DATA PROVIDED
/---

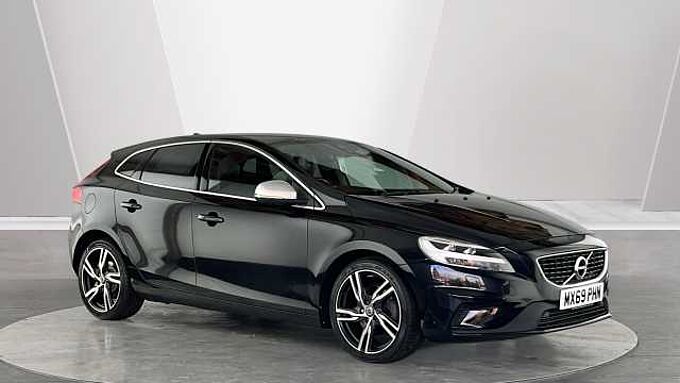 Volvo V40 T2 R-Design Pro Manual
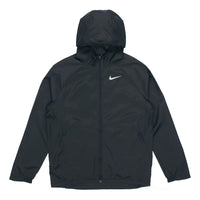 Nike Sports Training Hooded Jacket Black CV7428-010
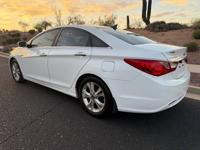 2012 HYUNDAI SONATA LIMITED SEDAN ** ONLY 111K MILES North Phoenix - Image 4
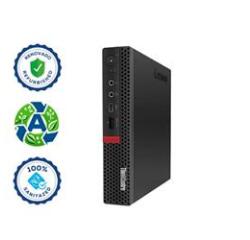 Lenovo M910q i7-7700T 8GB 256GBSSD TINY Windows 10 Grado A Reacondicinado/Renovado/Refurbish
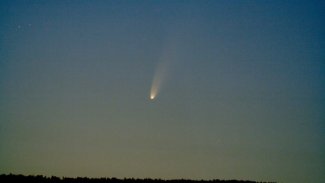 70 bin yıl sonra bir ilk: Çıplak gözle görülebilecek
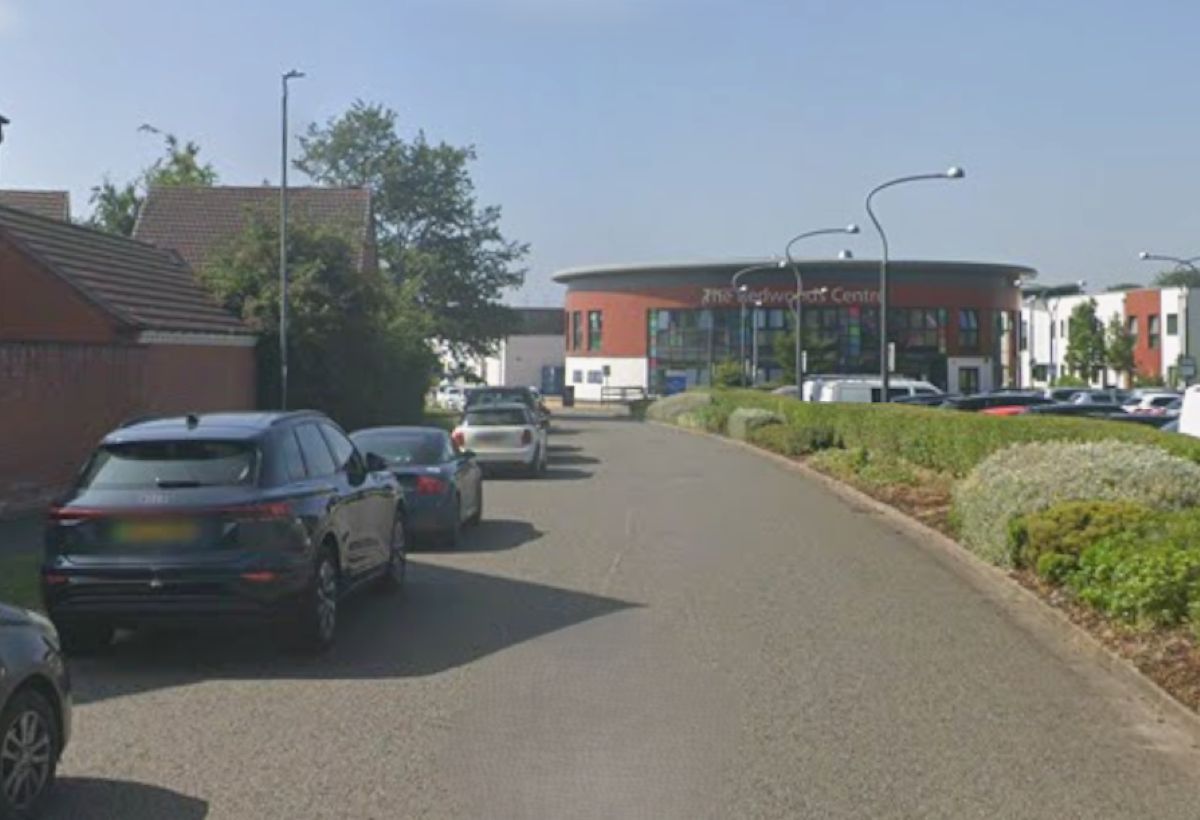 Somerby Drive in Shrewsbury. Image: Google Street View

\---
/---

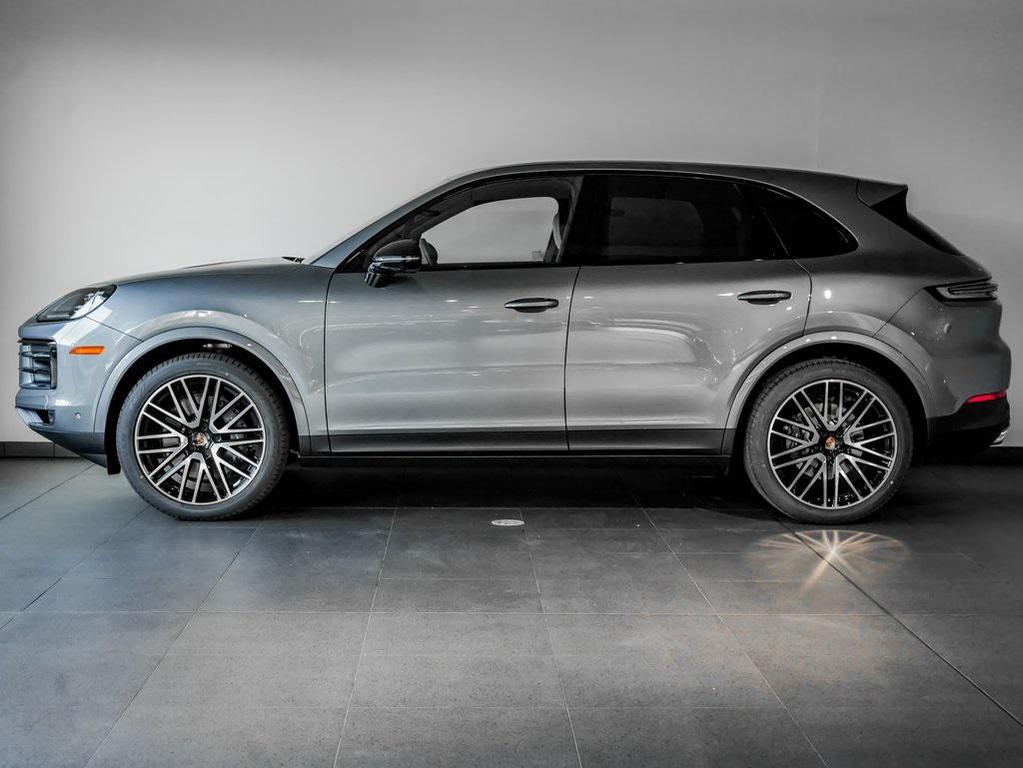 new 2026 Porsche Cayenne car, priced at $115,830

\---

YOUR INSTRUCTIONS
Print, exactly, each line above from the one with "Volvo V40 T2 R-Design Pro Manual" to the one with "Somerby Drive in", end lines included. Leave pictures out of it.

RESPONSE TO THIS TASK
 Volvo V40 T2 R-Design Pro Manual
 Nike Sports Training Hooded Jacket Black CV7428-010
 2012 HYUNDAI SONATA LIMITED SEDAN ** ONLY 111K MILES North Phoenix - Image 4
 Lenovo M910q i7-7700T 8GB 256GBSSD TINY Windows 10 Grado A Reacondicinado/Renovado/Refurbish
 70 bin yıl sonra bir ilk: Çıplak gözle görülebilecek
 Somerby Drive in Shrewsbury. Image: Google Street View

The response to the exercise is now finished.